▸ **Short web captions**
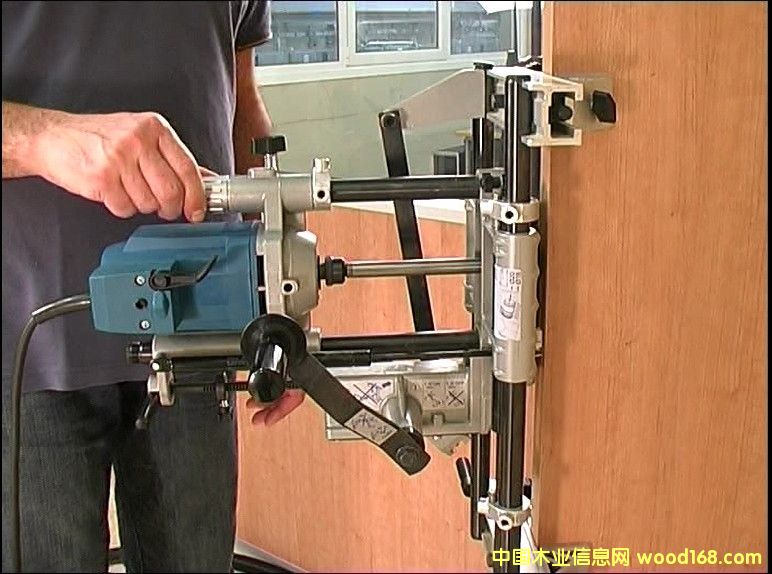 ľ�T�i����ۙC��Ԕ����B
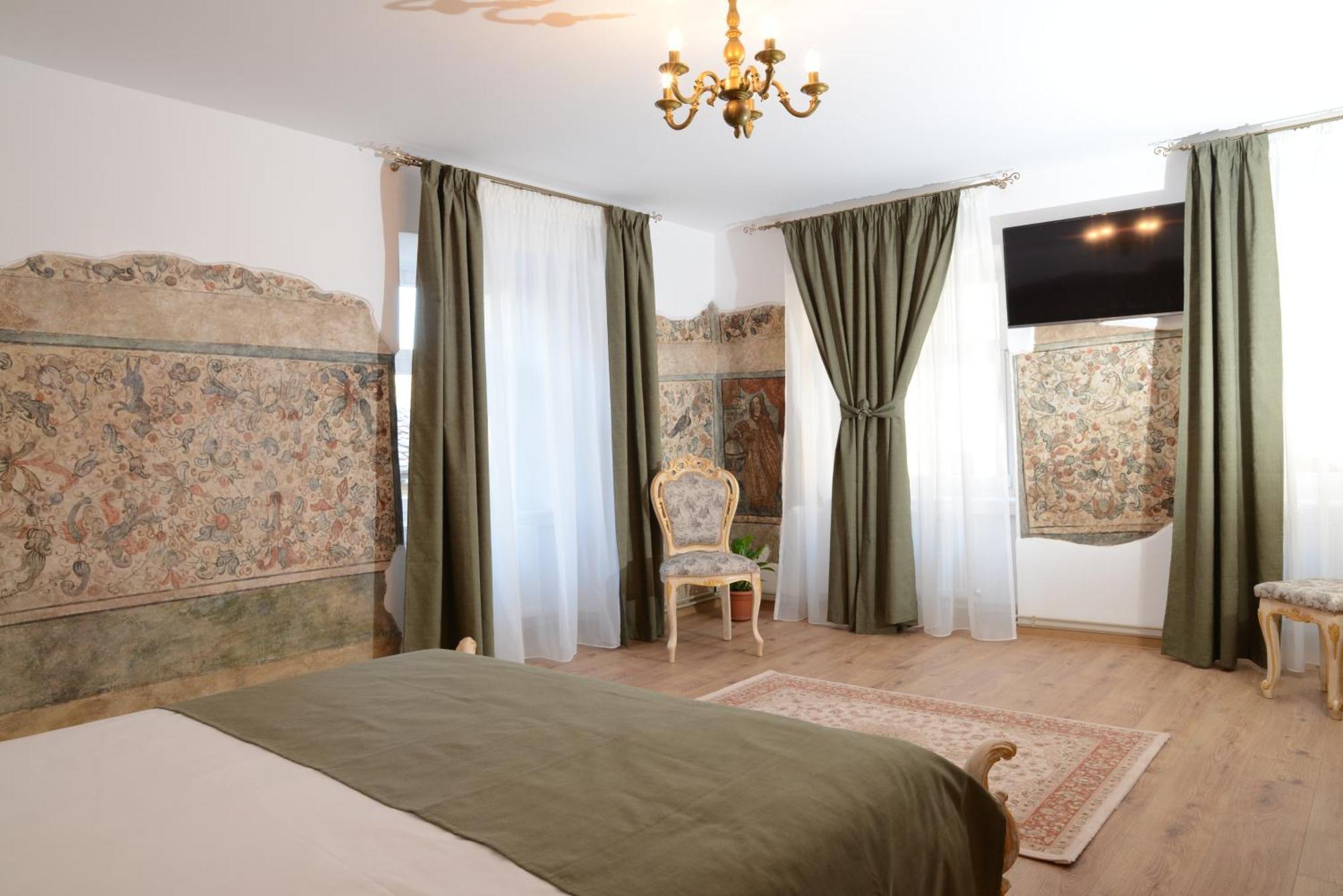 Casa Astronomului Apartment Sibiu Bilik gambar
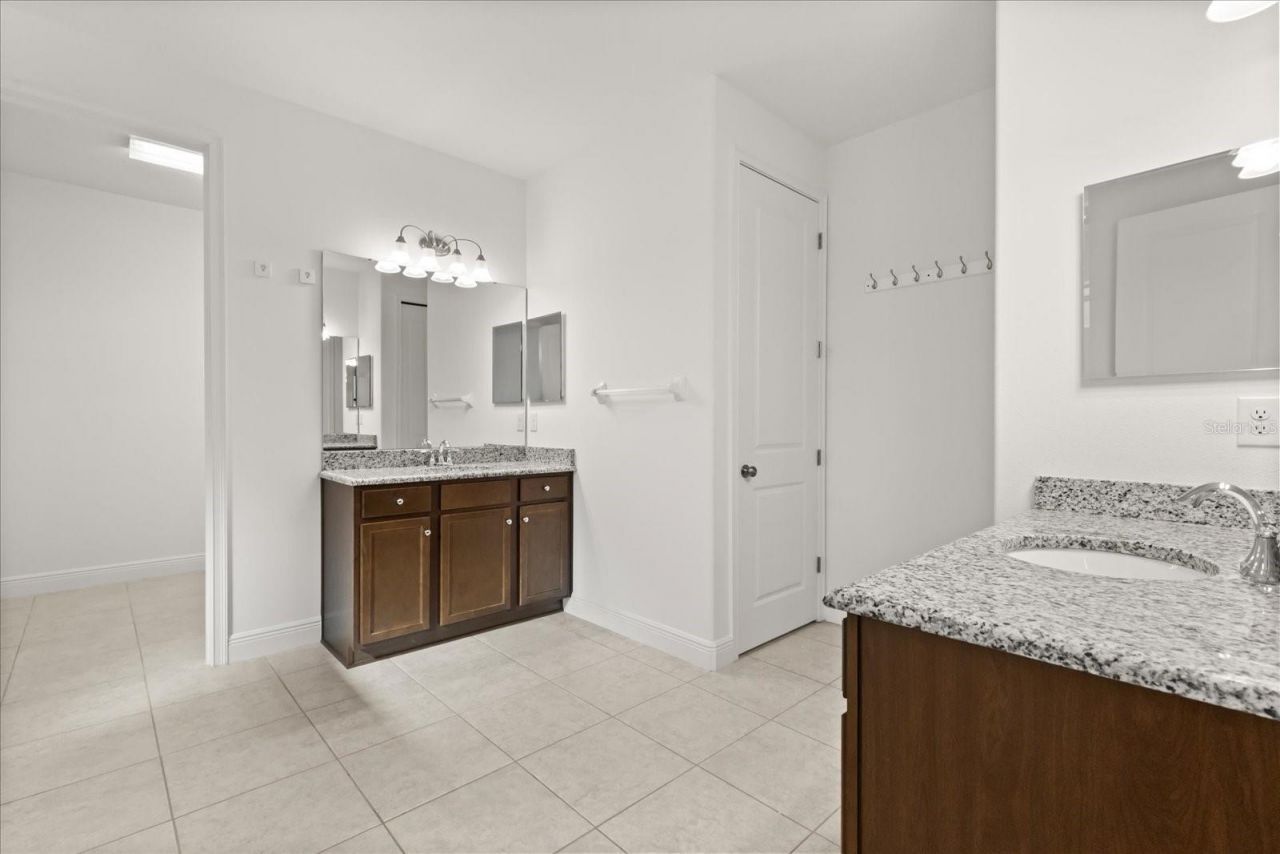 3918 Gaviota Drive, Sun City Center, FL 33573 Photo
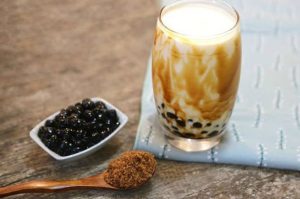 Một ly sữa tươi trân châu đường đen bao nhiêu calo?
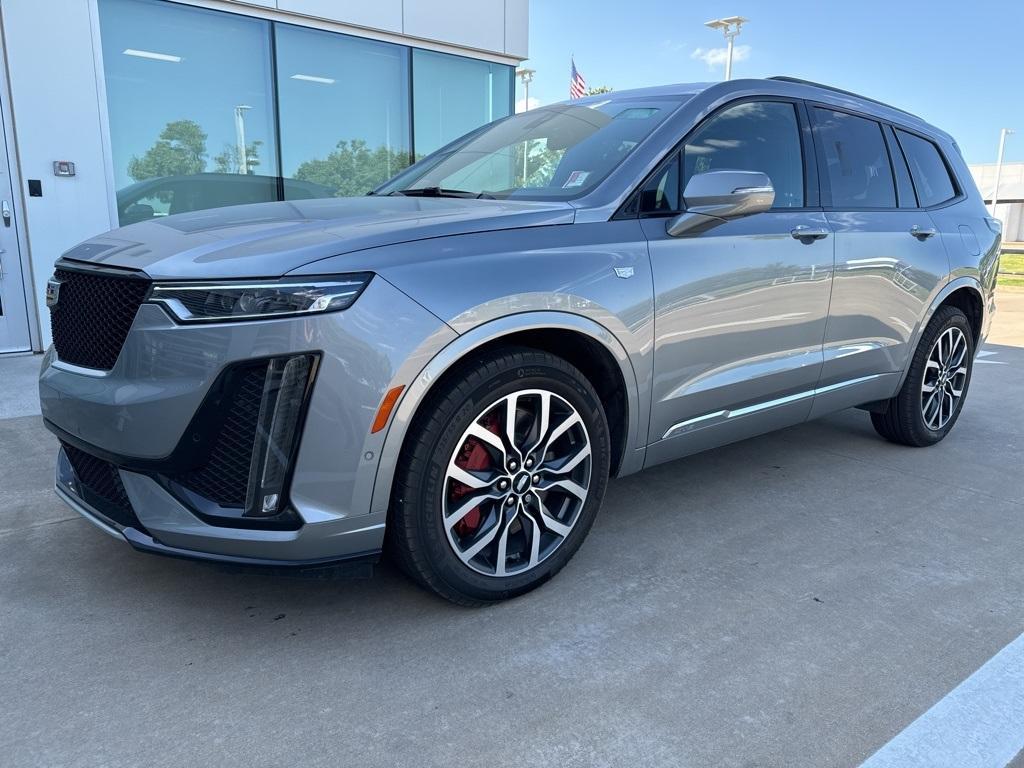 used 2025 Cadillac XT6 car, priced at $60,000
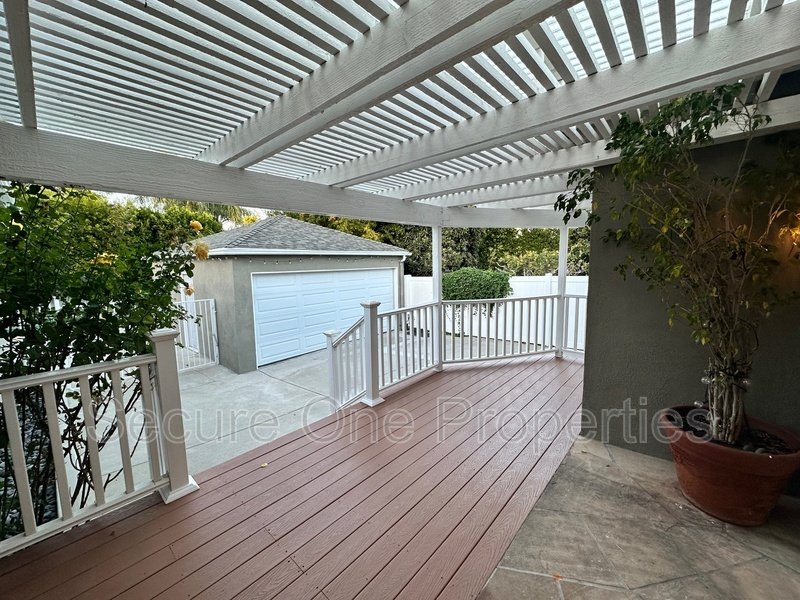Beautiful Home in Prime Encino Neighborhood! property image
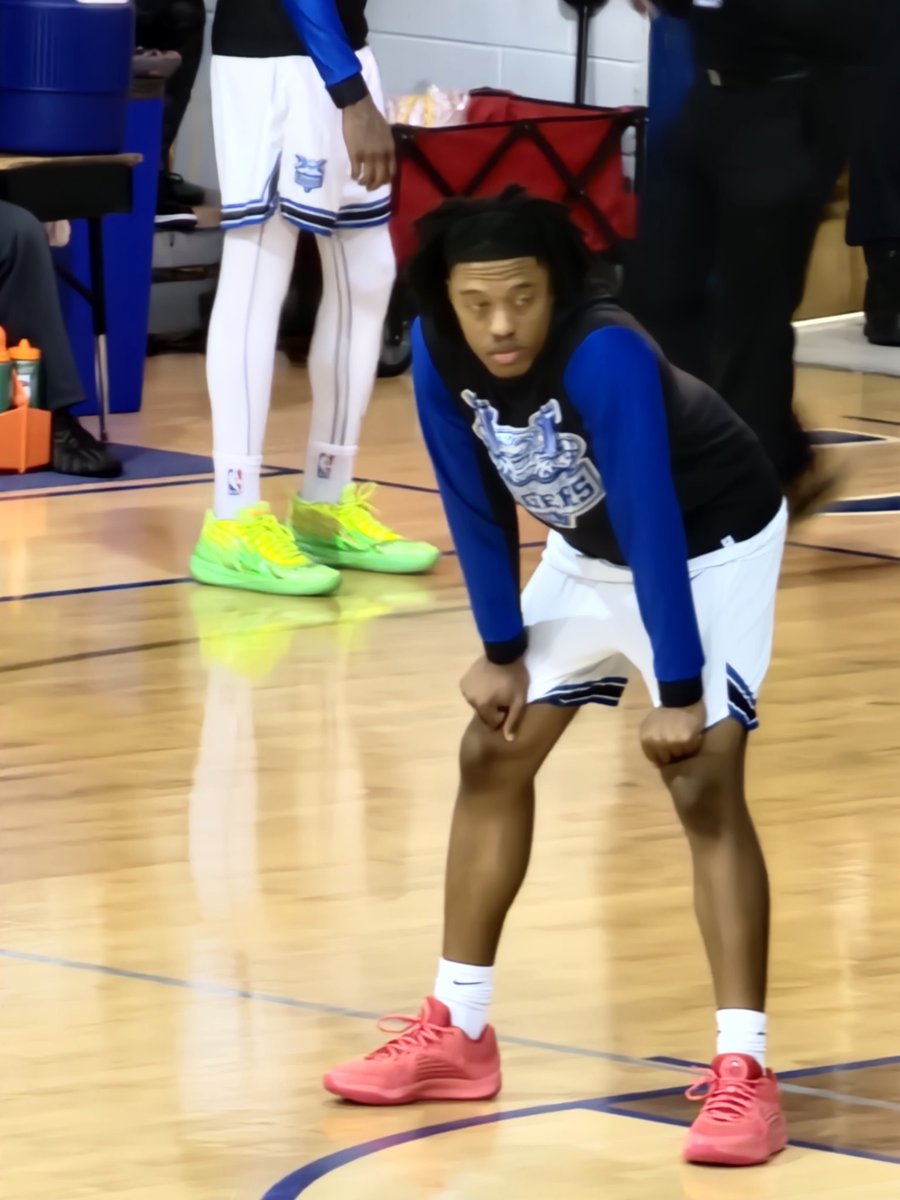 TheNextLevelSC's tweet photo. Great job, redshirt freshman from @TheNextLevelSC class of '22 @OmariBryson 13 points on 15 minutes‼️ 63% from the floor, and 50% from 3 🔥💥💪🏿🌧 

And I hear you had a 4.0 last semester🥶😱... Keep going🙏🏾 https://t.co/x4MilHmYfD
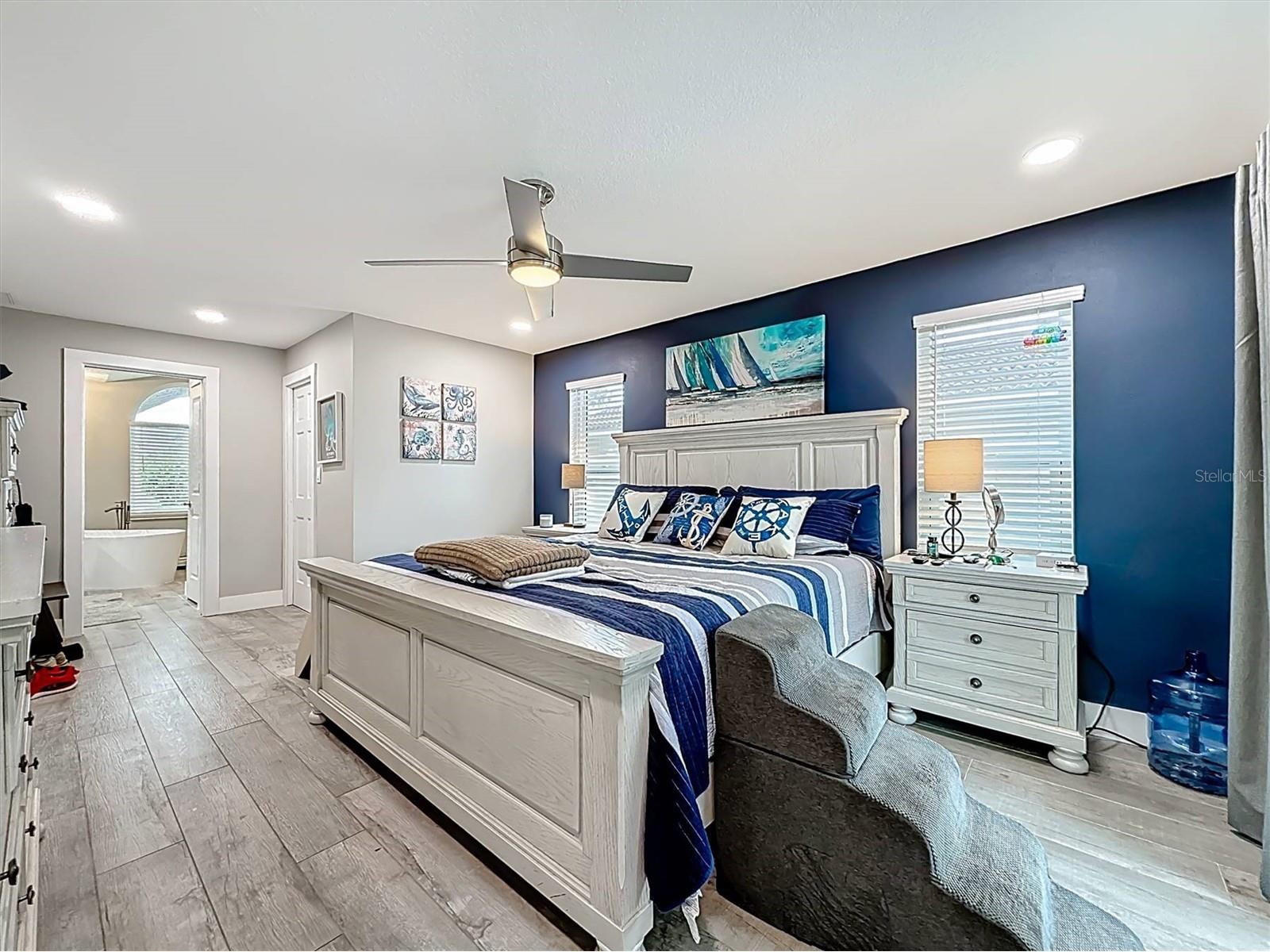 3828 48th Avenue S Saint Petersburg FL 33711 TB8465535 image40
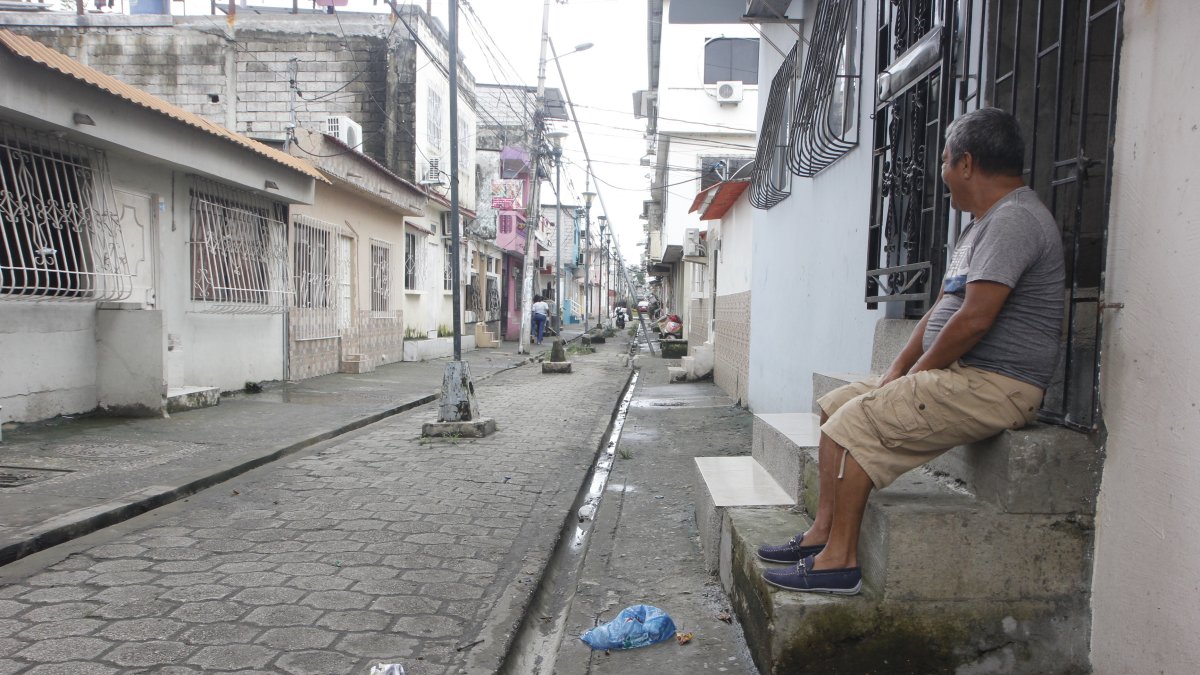 Muros. Raúl Pincay mira con resignación que muchos vecinos han debido construir muros y elevar sus pisos para evitar que el agua, ya sea por marea alta o lluvias, ingrese a sus casas.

▸ **What you have to do**
Write out each entry exactly, images excluded.

▸ **Task solution**
 ľ�T�i����ۙC��Ԕ����B
 Casa Astronomului Apartment Sibiu Bilik gambar
 3918 Gaviota Drive, Sun City Center, FL 33573 Photo
 Một ly sữa tươi trân châu đường đen bao nhiêu calo?
 used 2025 Cadillac XT6 car, priced at $60,000
Beautiful Home in Prime Encino Neighborhood! property image
 TheNextLevelSC's tweet photo. Great job, redshirt freshman from @TheNextLevelSC class of '22 @OmariBryson 13 points on 15 minutes‼️ 63% from the floor, and 50% from 3 🔥💥💪🏿🌧 

And I hear you had a 4.0 last semester🥶😱... Keep going🙏🏾 https://t.co/x4MilHmYfD
 3828 48th Avenue S Saint Petersburg FL 33711 TB8465535 image40
 Muros. Raúl Pincay mira con resignación que muchos vecinos han debido construir muros y elevar sus pisos para evitar que el agua, ya sea por marea alta o lluvias, ingrese a sus casas.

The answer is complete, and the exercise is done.